A solo attack meant it was a long day in front for Guillaume van Keirsbulck, while the peloton sat up and chatted like a Sunday group ride all the way into Vittel, where all hell broke loose.
Guillaume van Keirsbulck broke away at kilometre zero and no one followed the Wanty rider’s attack. The peloton sat up and let him get as much as a 16 minute lead, with the most action being riders talking to other riders and the nearby chateaus. As the sprint point approached, teams got their sprinters ready and the pace increased. Greipel got a solid leadout, but lunged too far out from the line as Demare snuck on the inside for 2nd place. Van Keirsbulck 4km up the road got the major prize. Van Keirsbulck also rode over the top of the Col des Trois Fontaines for the singular mountains jersey point of the day.

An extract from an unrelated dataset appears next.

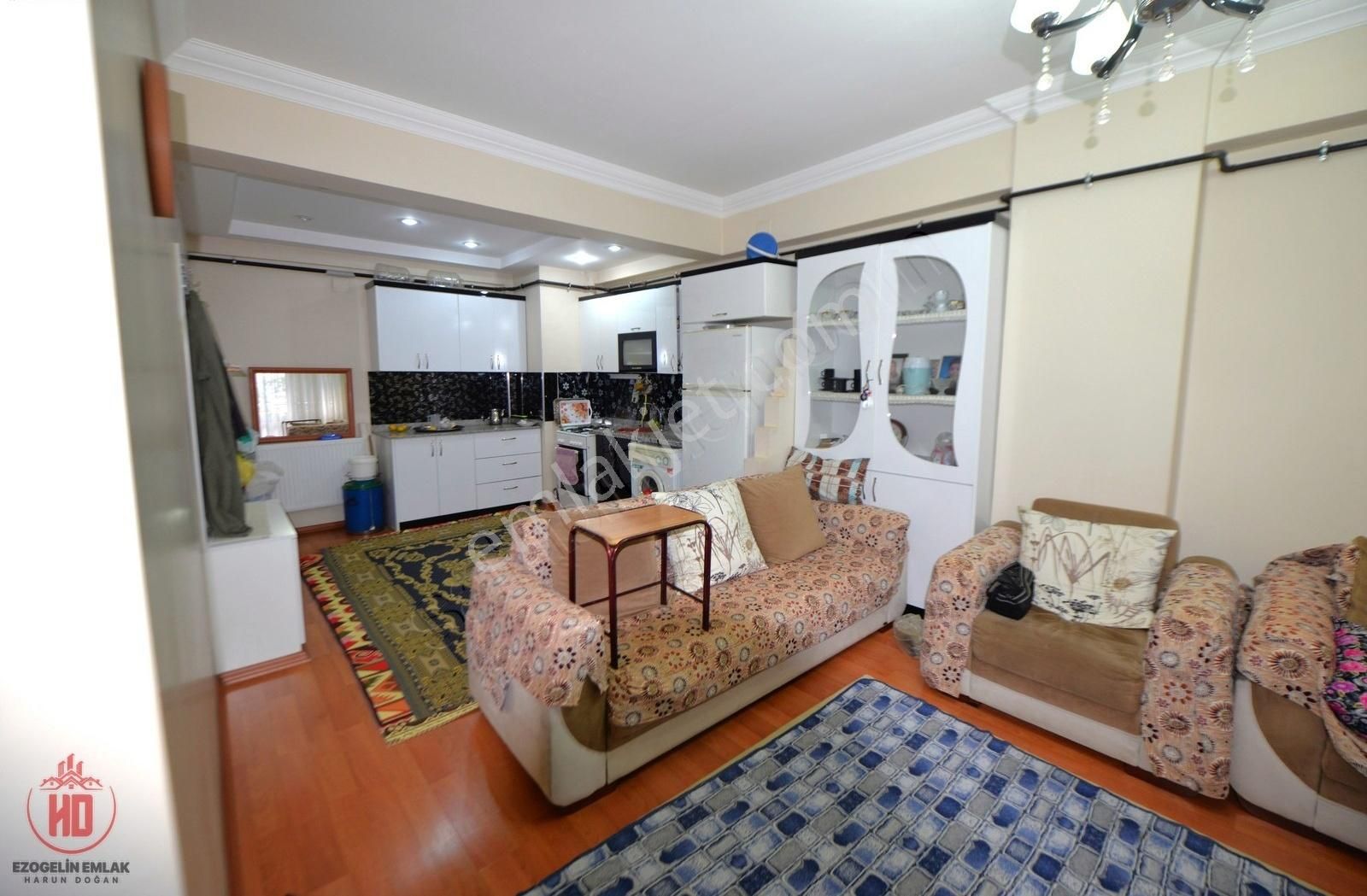 Binevler Sağlık Ocağı Yanı Ara Kat 2+1 Daire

The peloton caught Van Keirsbulck into the final 20km of the stage, and that when the sprint teams assembled at the front of the peloton. Katusha placed Alexander Kristoff at the front to try and protect him, while Quickstep’s train for Kittel got caught out in the final few kilometres. At 1.8km to go, there was a crash in the middle third of the peloton into the barriers, taking out Yellow Jersey wearer Geraint Thomas and putting Kittel out of the front 20 or so riders. The reduced bunch, containing sprinters like Cavendish, Sagan, Demare, Kristoff, Bouhanni and Greipel approached the finish with minimal leadout men.
Jurgen Roelandts led the sprint out for Greipel, but Chavanel from the back was the first rider to launch. The riders swung from the left to the right side of the road, with Bouhanni shouldering Greipel and Demare to get into prime position. This, however, started a chain reaction in the group. Peter Sagan, starting up his sprint, lost his balance and elbowed Cavendish trying to cut inside the barriers. This led to Cavendish going shoulder first straight into the barriers, before flipping over. Degenkolb and Swift behind also tumbled over Cavendish’s bike ruling them out of the sprint. Out the front, Demare had avoided all the carnage and took the sprint with ease from Sagan, Kristoff and Greipel.
While France get their first sprint win at the TDF since 2006, Cavendish’s heavy crash will overshadow Demare’s performance of grabbing the right slot in the sprint just before Bouhanni and getting away from the hustle and bustle for position. Tomorrow’s stage brings the first mountaintop finish of the TDF up La Planche des Belles Filles, where Geraint Thomas’s Yellow Jersey could be up for grabs.
Edit: On examination by the jury, Peter Sagan was given a 30 second penalty for his elbow into Mark Cavendish. He was relegated to 115th.